Army spokesman Wahid Arshad said the other attack occurred near a checkpoint outside army headquarters.
"The suicide bomber blew himself up closer to the picket when he was stopped. He was killed and two people were injured," he said. "As far as the bus is concerned, 13 people have lost their lives, who were sitting on the bus and the suicide bomber also was dead."
The death toll from the attacks rose after police discovered more bodies in the wreckage.
A similar attack occurred in September, when a suicide attacker targeted a bus carrying intelligence agency personnel and a bomb detonated in Rawalpindi, together killing about 25 people.
Officials have suspected the attacks are linked to military operations against pro-Taliban militants in the Swat and Shangla districts of the Northwest Frontier Province.
Meanwhile, representatives of former Prime Minister Nawaz Sharif say he plans to return to Pakistan on Sunday afternoon. Pakistani officials have not said if they will try to deport him, as they did when he attempted a similar return from exile in September.

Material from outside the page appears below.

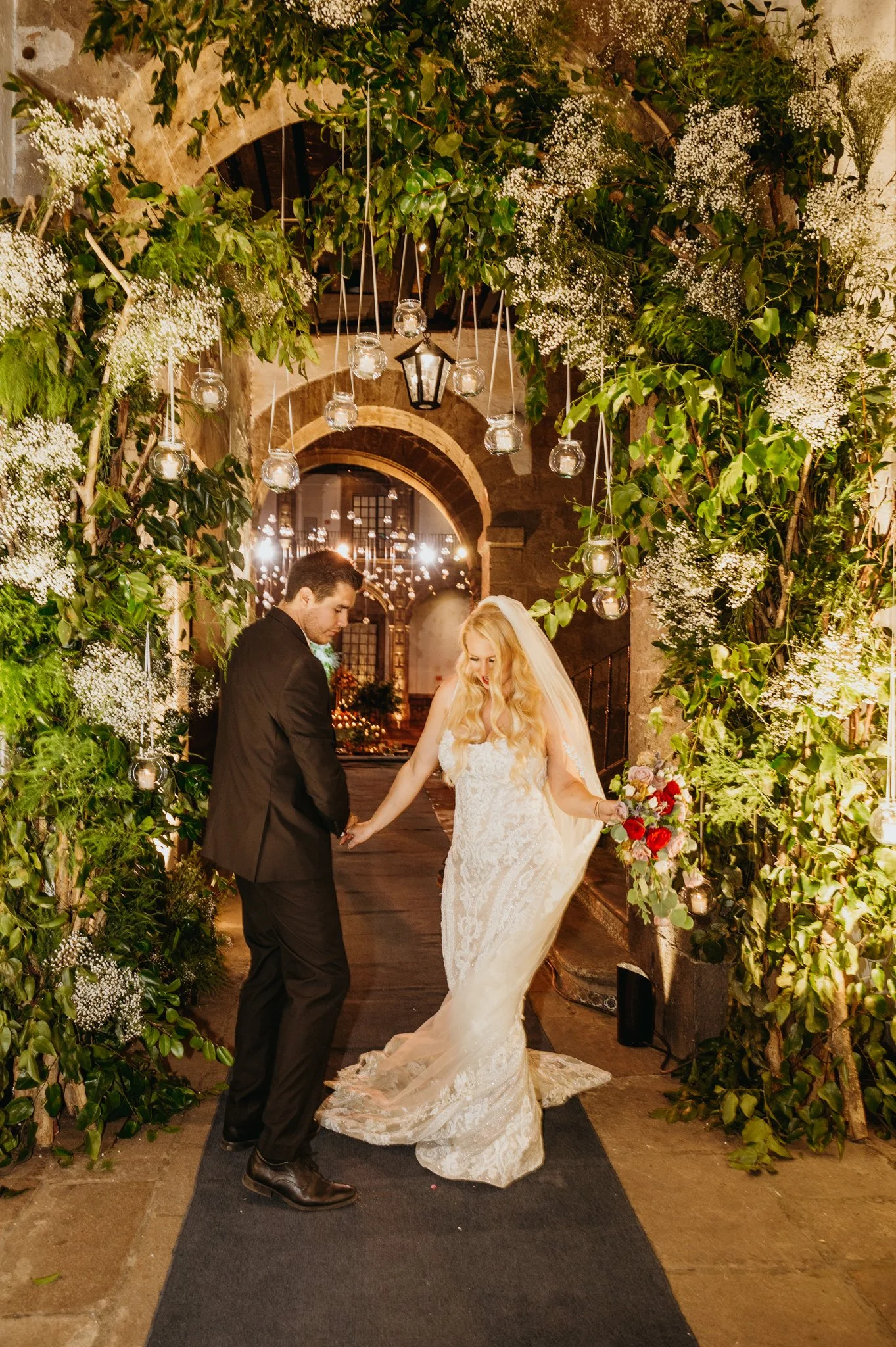 newlyweds entrance at wedding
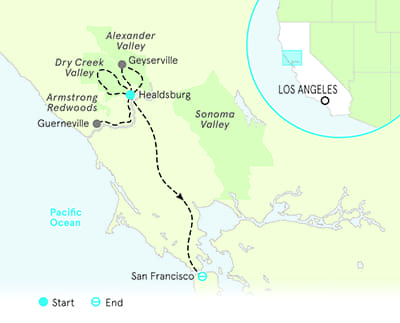 Alexander Valley California Map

The former prime minister was exiled in Saudi Arabia after General Pervez Musharraf deposed him in a military coup in 1999.
Mr. Sharif's Pakistan Muslim League Party is part of a coalition of opposition parties considering boycotting January's parliamentary elections.
The coalition wants President Musharraf to end emergency rule and reinstate ousted Supreme Court judges in the next four days or they will not participate in the elections.
Former cricket star and opposition leader Imran Khan told reporters Saturday that participating in the polls would only give General Musharraf's presidency more legitimacy.
"If we take part in this election, we will be helping, resurrecting a military dictator," he said.
Former Prime Minister Benazir Bhutto's Pakistan People's Party has not indicated if it would join a boycott. Candidates wishing to run in the election must register by Monday.